Unpublished Disposition
NOTICE: Sixth Circuit Rule 24(c) states that citation of unpublished dispositions is disfavored except for establishing res judicata, estoppel, or the law of the case and requires service of copies of cited unpublished dispositions of the Sixth Circuit.

EARL J. BOURGUIN, PLAINTIFF-APPELLANT,
v.
PROPHET FOODS COMPANY, PRESENTLY GREYHOUND FOOD MANAGEMENT,
INC., A MICHIGAN CORPORATION, JOHN WILLIAMS VENDING MANAGER,
NICK ZLONTEVICZ, DISTRICT MANAGER, UNITED CATERING,
RESTAURANT BAR AND HOTEL WORKERS, LOCAL 1064, RWDSU,
AFL-CIO, CHARLES MARCH, GRIEVANCE REPRESENTATIVE, AND PAUL
DOMENY, LOCAL 1064, GENERAL SECRETARY, DEFENDANTS-APPELLEES.

NO. 83-1248

United States Court of Appeals, Sixth Circuit.

6/7/85

E.D.Mich.

AFFIRMED

ORDER

BEFORE: KENNEDY and WELLFORD, Circuit Judges; and WEICK, Senior Circuit Judge.

1

The plaintiff appeals the summary judgment for the defendants in this hybrid action for wrongful discharge under Sec. 301 of the Labor Management Relations Act, 29 U.S.C. Sec. 185, and for breach of the Union's duty of fair representation. The appeal was referred to this panel pursuant to Rule 9(a), Rules of the Sixth Circuit. Upon examination of the record and briefs, this panel agrees unanimously that oral argument is not needed. Rule 34(a), Federal Rules of Appellate Procedure.

2

The plaintiff was discharged from his employment with defendant Prophet Foods Company on January 22, 1981. He filed a grievance which the Union pursued to arbitration. The arbitrator issued a decision on July 29, 1981 sustaining the discharge and thereby ending the grievance proceedings.

3

The present action was filed in state court on May 6, 1982. Upon having the action removed to federal district court, the defendants moved for summary judgment on grounds the complaint was not filed within the applicable six-month statute of limitations found in Sec. 10(b) of the National Labor Relations Act, 29 U.S.C. Sec. 160(b). The district court agreed and entered summary judgment for the defendants. This timely appeal followed the denial of a motion for rehearing.

4

The plaintiff argues on appeal that the district court erred in applying a six-month statute of limitations to his action. This issue is now controlled by the Supreme Court's decision in Del Costello v. International Brotherhood of Teamsters, 462 U.S. 151 (1983), which held Sec. 10(b) applicable to all hybrid Sec. 301/unfair representation actions. In Smith v.
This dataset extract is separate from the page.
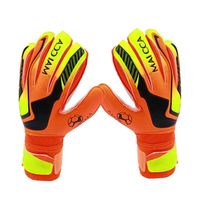 1 Pair Non-Slip Soccer Goalie Gloves Protective Fingers Wear-Resistant Game Goalkeeper Gloves Size 5-10 Adjustable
General Motors Corp., 747 F.2d 372 (6th Cir. 1984) (en banc), this Court held the Del Costello decision was to be given retroactive effect.

5

In this case, the plaintiff filed his complaint over eight months after his cause of action accrued. He asserts no acts by the defendants which would have caused the running of the statute of limitations to be tolled. His action is time-barred. Therefore,

6

It is ORDERED that the district court's judgment of October 14, 1982 be and it hereby is affirmed. Rule 9(d)(3), Rules of the Sixth Circuit.